§ **The problem**
Each entry below should be echoed exactly, with pictures omitted.

=== Begin Enclosure ===

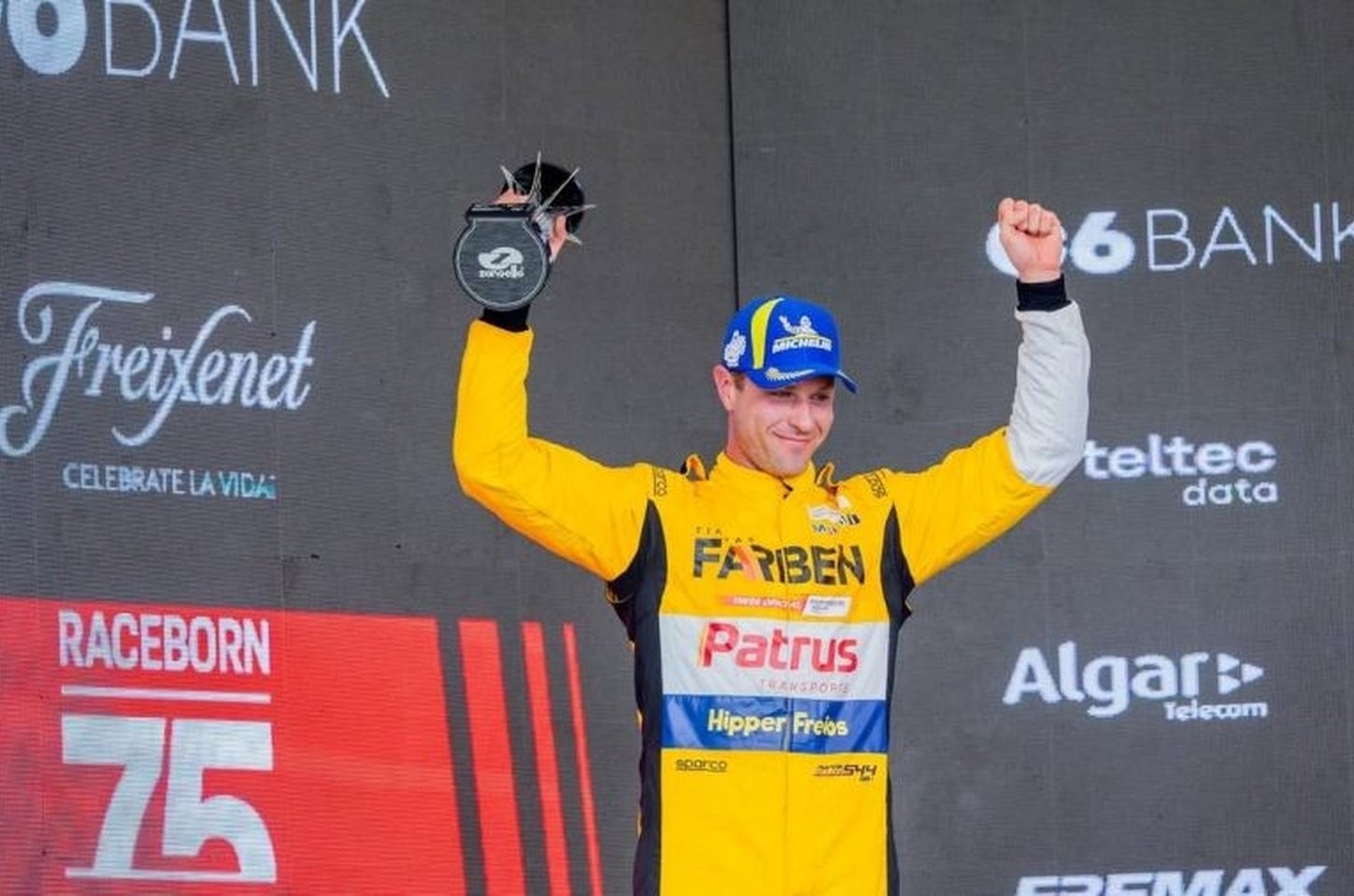 Marçal Müller inicia temporada da Porsche Carrera Cup com vitória e quarto lugar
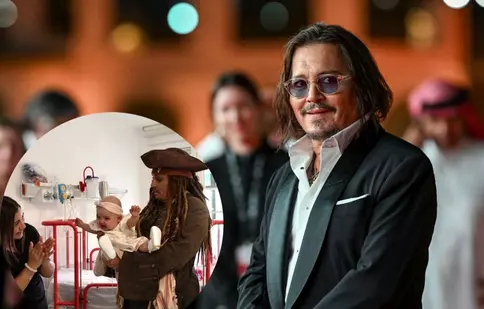Johnny Depp, în pielea lui Jack Sparrow, aduce zâmbete copiilor de la un spital de pediatrie. Imagini emoționante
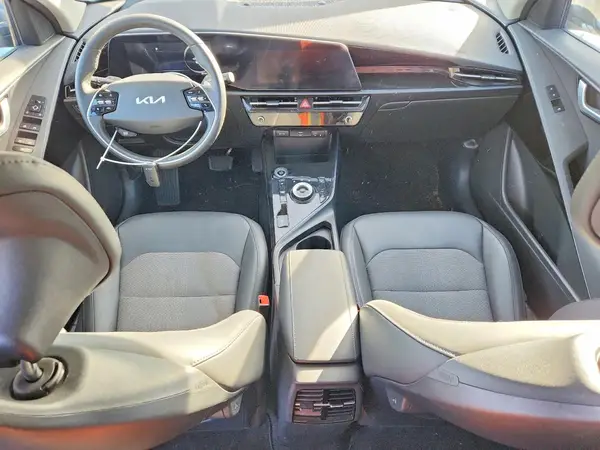 KNDCR3L13R5106211 2024 KIA NIRO - Image 8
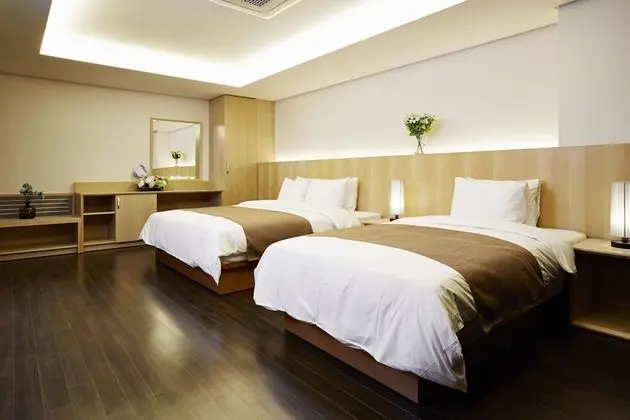 Grand Deluxe Room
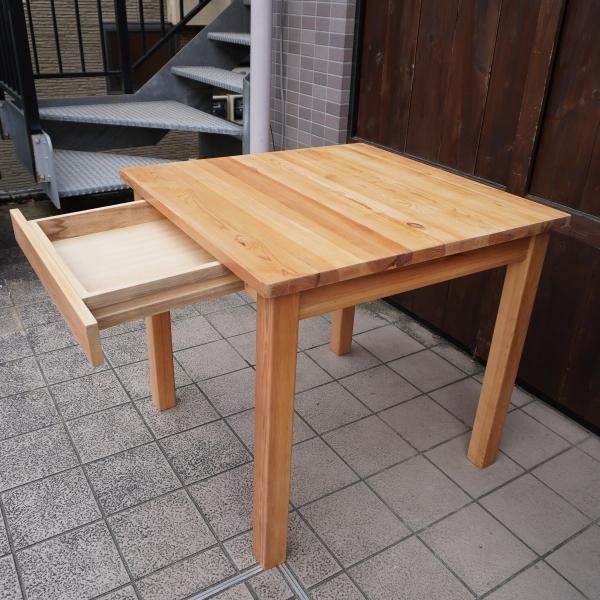 無印良品(MUJI)の天然木の節の表情が美しいパイン材ダイニングテーブル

=== End Enclosure ===

§ **Final answer**
 Marçal Müller inicia temporada da Porsche Carrera Cup com vitória e quarto lugar
Johnny Depp, în pielea lui Jack Sparrow, aduce zâmbete copiilor de la un spital de pediatrie. Imagini emoționante
 KNDCR3L13R5106211 2024 KIA NIRO - Image 8
 Grand Deluxe Room
 無印良品(MUJI)の天然木の節の表情が美しいパイン材ダイニングテーブル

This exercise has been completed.